Certains trouvent des femmes dans les pays d’immigration et
font des enfants.
Lors de ce processus, parmi toutes ces personnes,
nombreuses sont celles qui, en France, sont aujourd’hui françaises.
D’autres le seront demain.
Toutes ces personnes se trouvent dans des situations et
environnements qui leur demandent de nouvelles pratiques, d’autres modes de
vie, d’autres attitudes par rapport à des croyances, à des convictions, à des
traditions et autres.
Elles sont tenues de faire face à des changements continus
pour lesquels ils ne sont pas ou peu outillés, et d’essayer de s’adapter, sans
cesse, à des remaniements successifs dans des contextes difficiles.
Dans les sociétés d’origine, les parents ont eu à connaître
des manques dans de multiples domaines.
Leurs familles ont connu l’exode pour chercher à survivre comme elles peuvent, logées dans
des bidonvilles ou des habitats du même genre, maintenues dans l’ignorance,
sans formation, sans soins, sans sécurité, sans perspectives et sans beaucoup
d’autres choses.
Les enfants subissent ces manques.
Cela n’est pas sans conséquences sur l’autorité dans
l’éducation.
Les parents, qui ont eu des difficultés dans le nouveau
type d’échange inhérent à la période coloniale et néo-coloniale dans les
sociétés d’origine, n’échappent pas aux difficultés dans la société d’accueil.
Ils ne se sentent pas capables d’introduire leurs enfants
dans le système d’échange.
Ils savent qu’ils n’ont pas la compétence requise et se
sentent, petit à petit, dépossédés des attributs du pouvoir que confèrent les
fonctions de parents.
Ils se trouvent, par la force des choses, soumis en France
à d’incessantes pressions, dans d’innombrables domaines, pour s’inscrire dans
un schéma que la société d’accueil veut imposer.
Les déséquilibres s’accentuent.
Et au sein des familles, la dislocation des couples et la
désagrégation des liens se multiplient.
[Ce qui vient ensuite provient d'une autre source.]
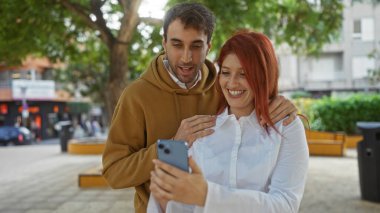 Şehir parkında ağaçlarla çevrili bir kadın ve erkek telefonda gülümsüyor, açık havada neşeli bir anı yakalıyorlar, sevgi ve mutluluk sergiliyorlar..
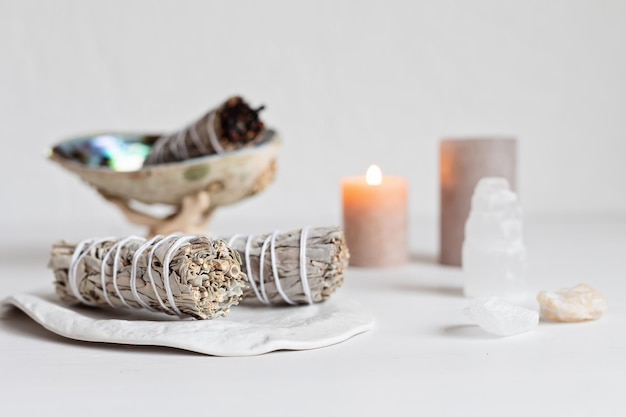 Smudge kit with white sage stick, abalone sea shell. Natural elements for cleansing environment from negative energy, adding positive vibes. Spriritual practices, witchcraft concept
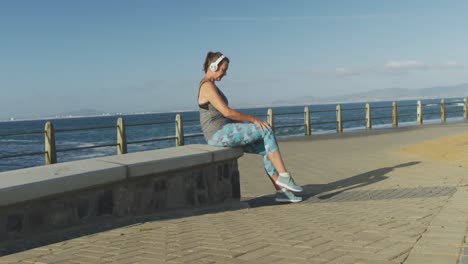 mujer mayor atando cordones de zapatos mientras corre en un paseo marítimo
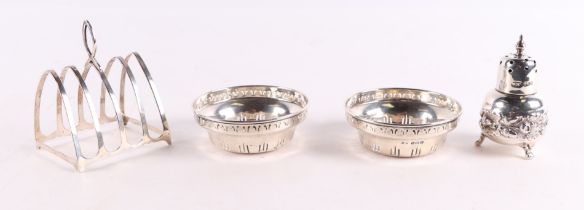 A pair of small pierced silver bowls; together with a silver pepper and a silver four-division toast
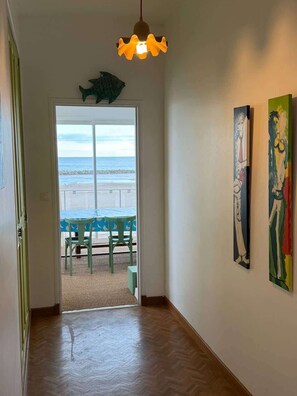 Un pasillo con piso de madera, vista al mar a través de un ventanal y dos obras de arte en la pared.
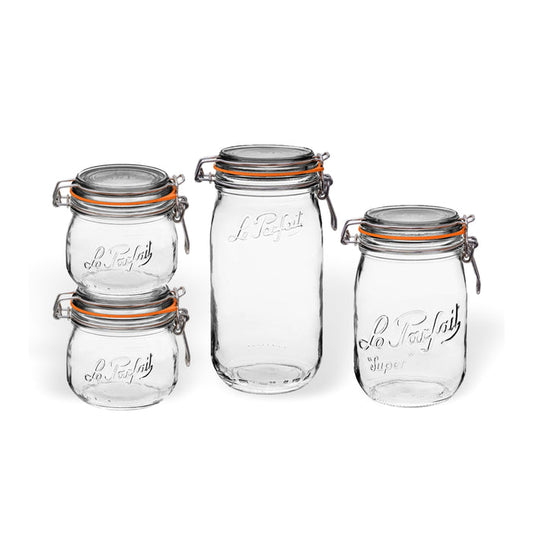The Super Jar Variety Pack by Le Parfait includes four clear jars with orange rubber seals and metal clasps for airtight storage. Embellished with Le Parfait Super Jars on the front, they are elegantly displayed against a white background.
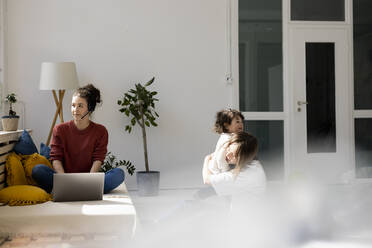 Junge Frau arbeitet von zu Hause aus, während das Kindermädchen mit ihrer Tochter spielt - JOSEF09426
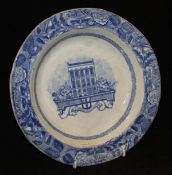 A 19th Century blue and white bowl transfer decorated and printed with a blazon of The City of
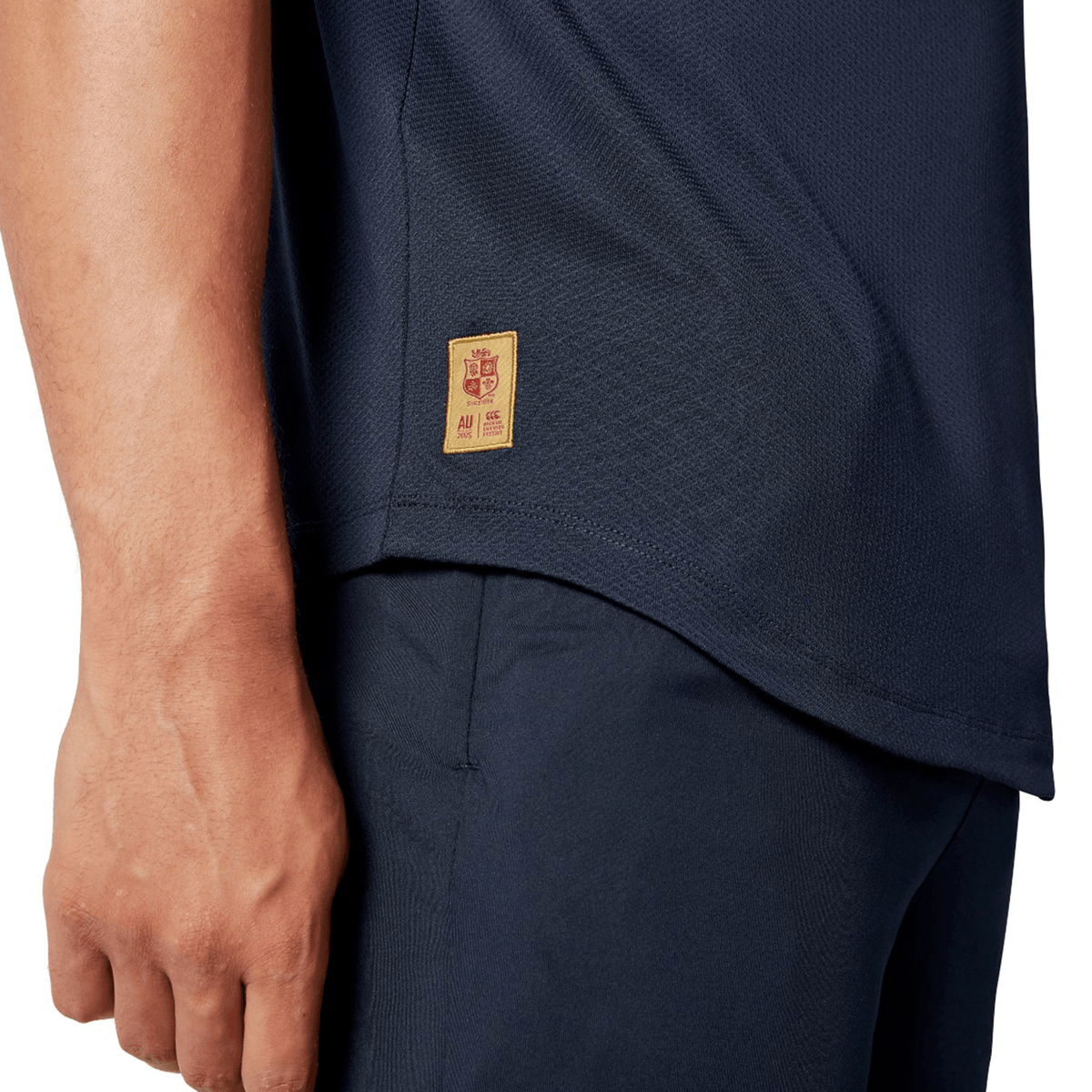 Close-up of a person wearing the British &amp; Irish Lions 25 Everest Tee by Canterbury and pants, featuring a small rectangular tag with a crest and numbers on the shirt's side, reminiscent of Canterbury's classic style.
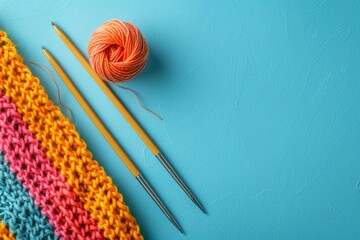 Wall Mural - Balls of thread with 2 needles is on blue background. Copy space for text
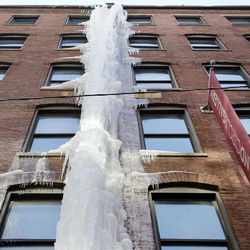 A cascade of ice adheres along the side of a brick building in downtown Boston, Friday, Feb. 20, 2015. Ice dams are a growing concern for homeowners in snowbound New England, where another storm is expected to bring snow, rain and freezing rain this weekend. The formations develop at the edge of a building's roof and prevent melting snow from draining, causing interior leaks and other damage. 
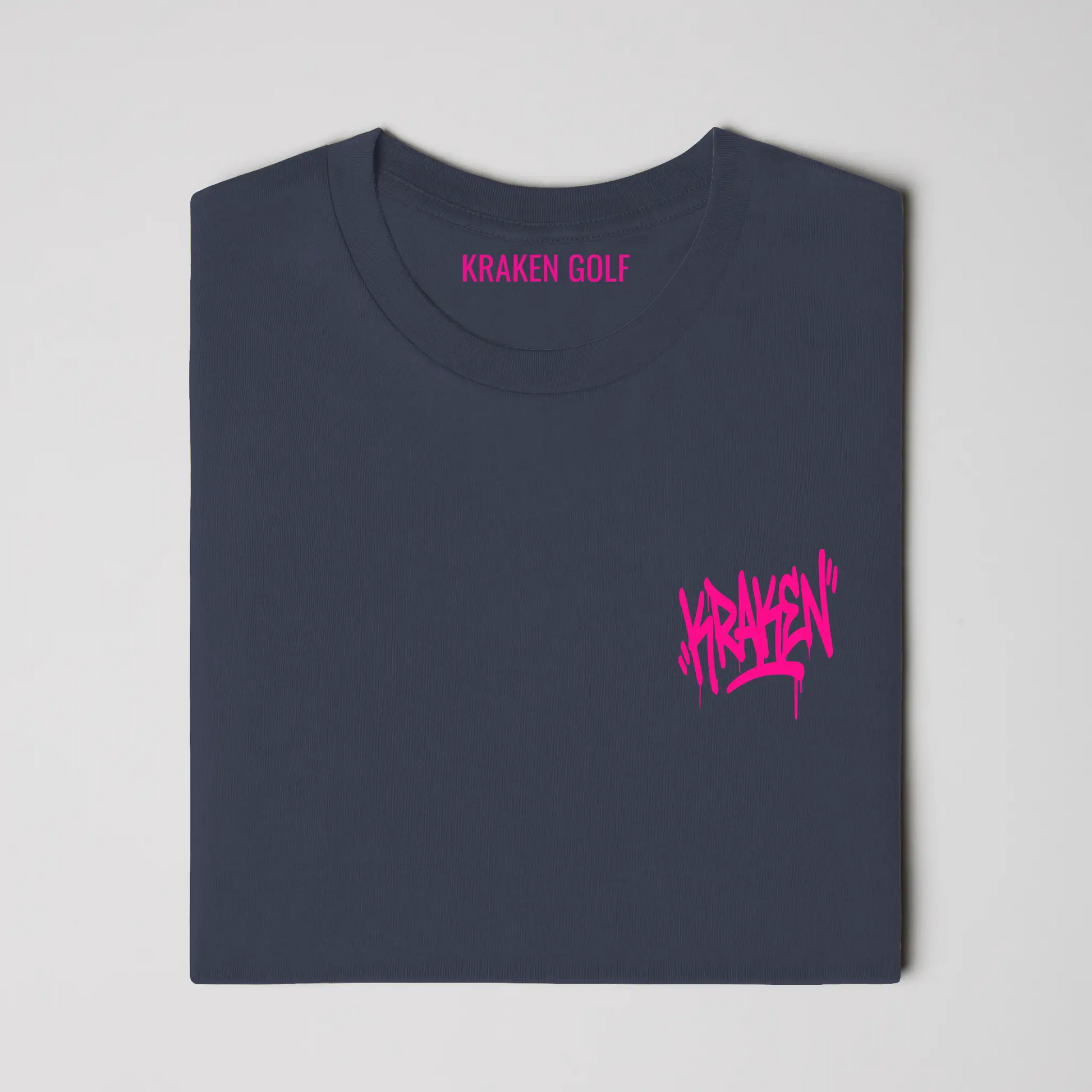 Left chest detail of the navy Origin tee showing the black Kraken graffiti tag on heavyweight garment-dyed cotton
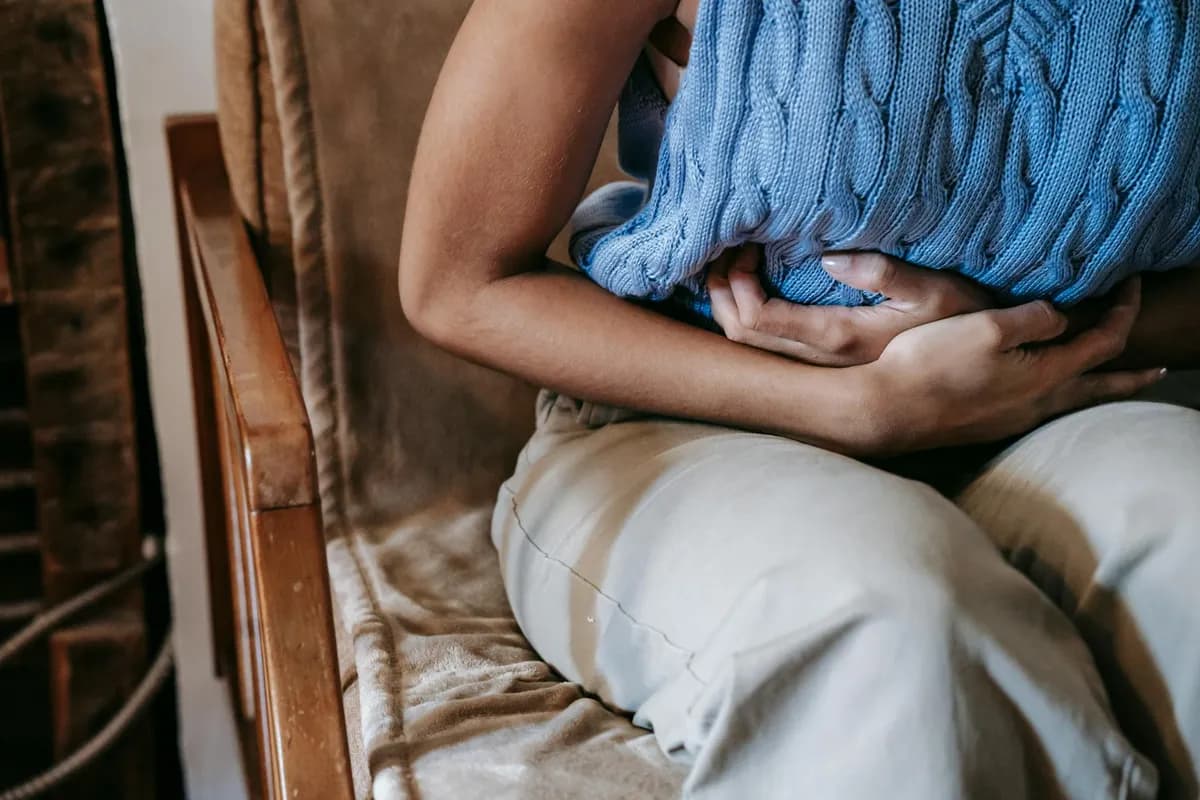 Pain worsens with sitting, standing, or certain movements — health symptom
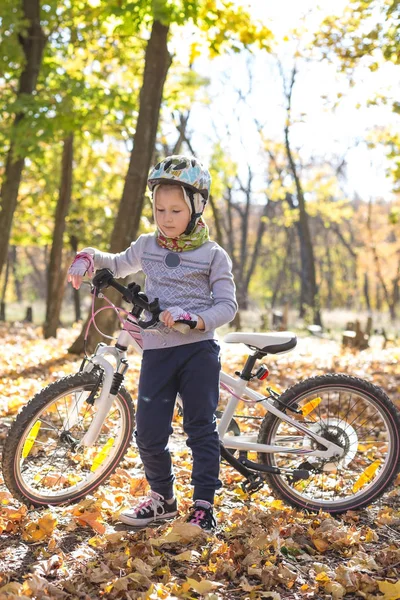 Sevimli küçük kız sonbahar ormandaki bir bisiklet ile.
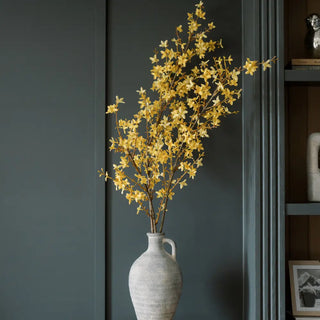 White vase with yellow flowers against a dark wall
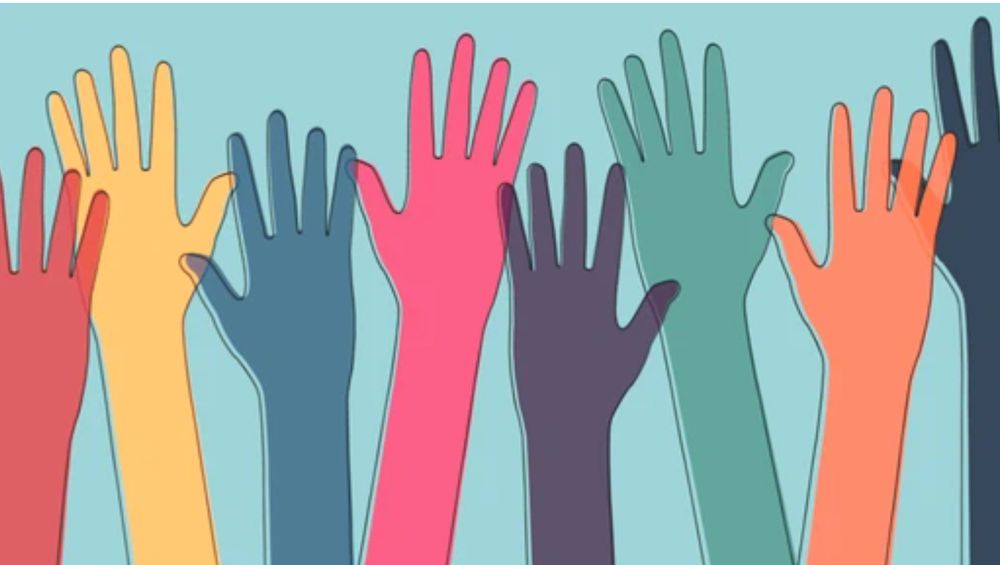 Illustration of diverse, colourful hands raised against a light blue background.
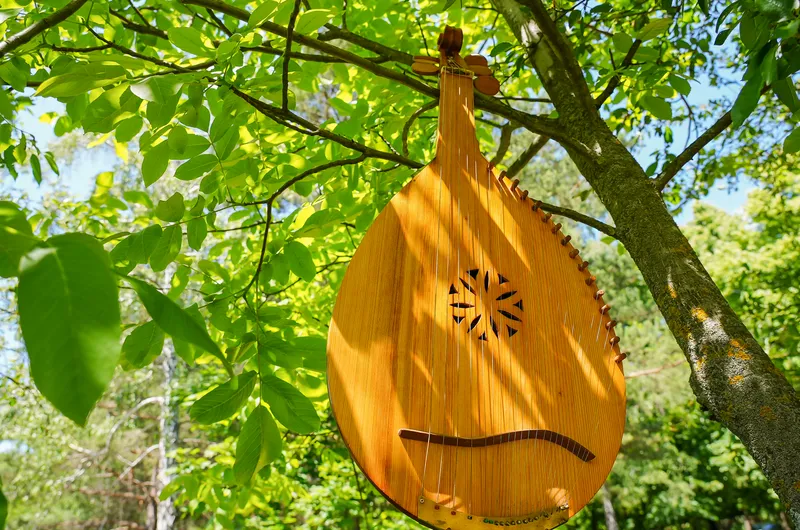 A wooden bandura hanging in a tree among green leaves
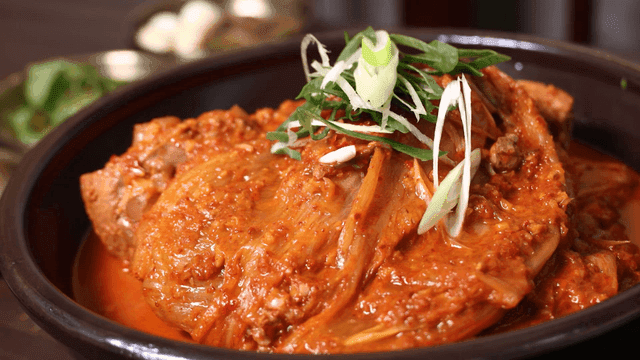 Spicy kimchi stew garnished with toppings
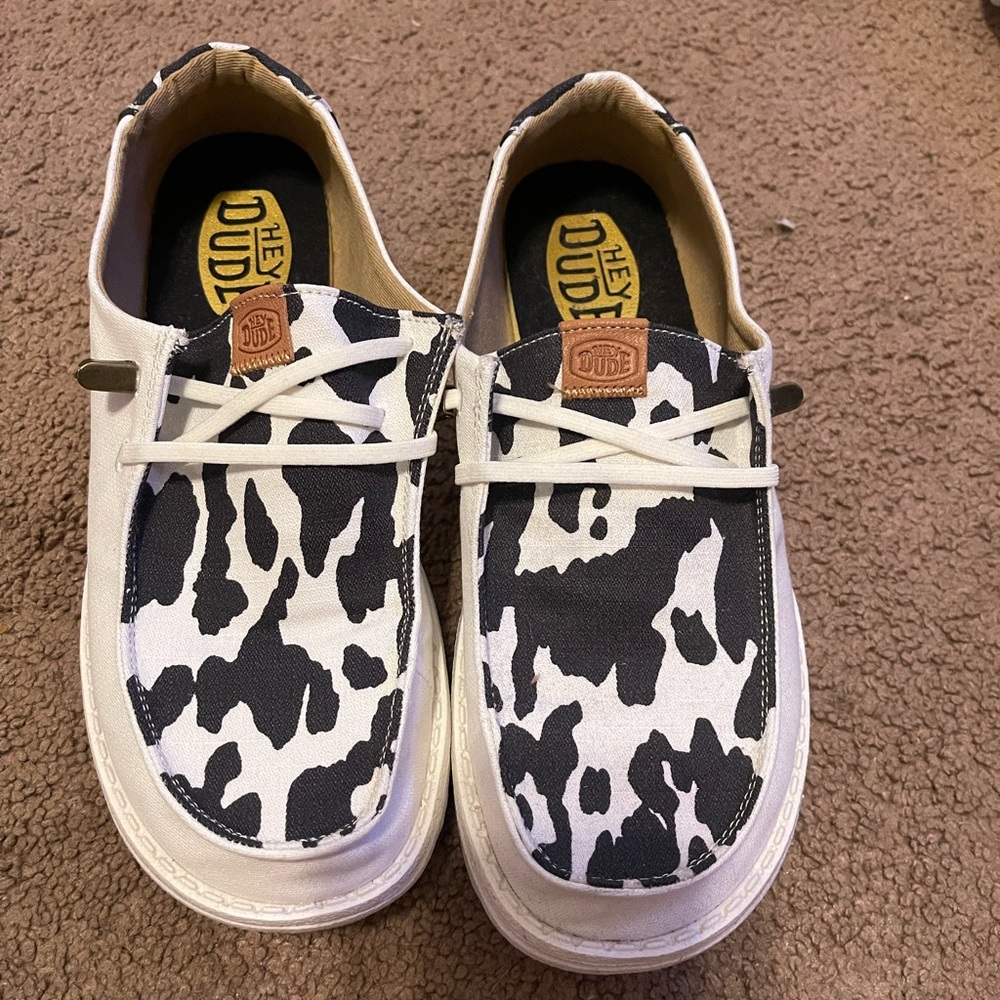 Hey Dude Black and White Cow Print Sneakers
Penser la famille devient complexe.
Cela n’est pas sans effets sur l’individu, sur la société
et donc sur l’autorité dans l’éducation. Ceci d’autant plus que beaucoup de
parents originaires d’Afrique, comme l’immense majorité des populations de ce
continent, subissent les ravages de la corruption, les horreurs de la cupidité
et les souffrances imposées par la cruauté des régimes africains en place.
Ces régimes répandent la crainte, la peur, la terreur.
Pour eux, la légitimité et la loi se résument à
l’oppression et aux pratiques tyranniques.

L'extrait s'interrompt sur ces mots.